Louisiana prisons need to be reformed


Zoe Sissac, Opinion Editor

Innocent until proven guilty—this common phrase is not limited to reruns of “Law and Order” or criminal interrogations. It acts as the foundation upon which the United States’ justice system was built. Unfortunately, Louisiana prisons and jails have forgotten the importance of the presumption of innocence. Last week, the Department of Justice reported that the Louisiana Department of Safety and Corrections held thousands of inmates past their release date. According to CBS, officials added an extra 90 days to over 24% of the prisoners’ sentences. The state’s refusal to release inmates on time blatantly violates the Constitution and everything the U.S. represents. The 14th Amendment guarantees each citizen of the U.S. equal protection under the Constitution. Imprisoned or free, the amendment does not pick and choose whose rights to protect, and Louisiana should not either. Assistant Attorney General Kristen Clarke, who led the Department of Justice’s investigation, agreed that state officials disregarded the rights of U.S. citizens. “The Constitution guarantees that people incarcerated in jails
and prisons may not be detained beyond their release dates.” Clarke said, “It is the fundamental duty of the state to ensure that all people in
its custody are released on time.” The Department of Justice’s report proved that Louisiana’s justice system needs to be reformed. New policies and guidelines could be instituted to prevent the improper detention of prisoners.
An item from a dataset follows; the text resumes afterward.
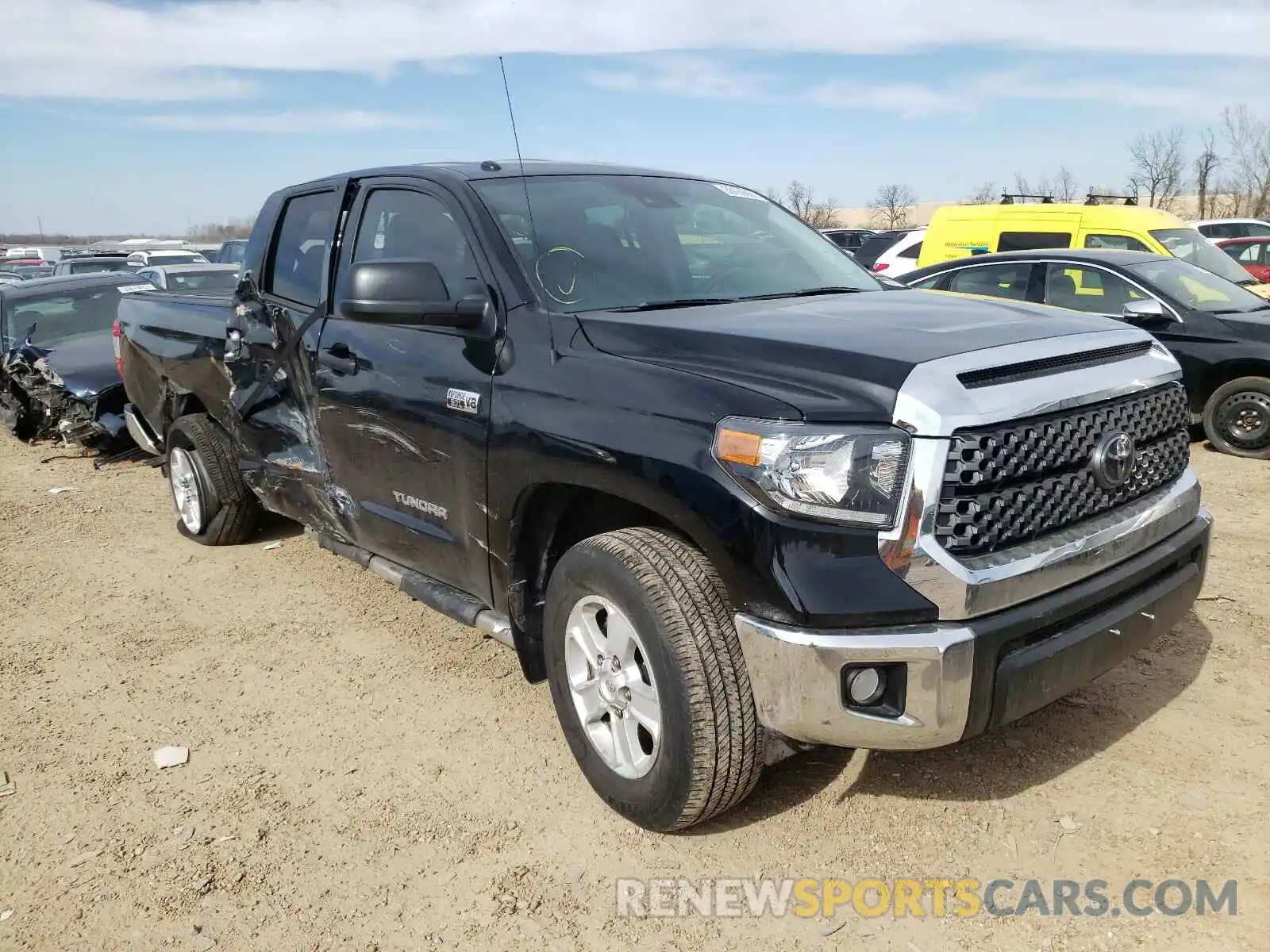 1 Photograph of a damaged car 5TFUW5F11KX794286 TOYOTA TUNDRA 2019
Creating clear sentencing guidelines and restructuring parole hearings are clear solutions that can transform the justice system. Implementing holding centers would ensure inmates do not stay imprisoned
longer than necessary. By rebuilding the Department of Public Safety and Corrections, the rights of U.S. citizens would be ensured and protected—as stated in the 14th Amendment. Inmates have served their time. Now they deserve to have a life outside of a cell.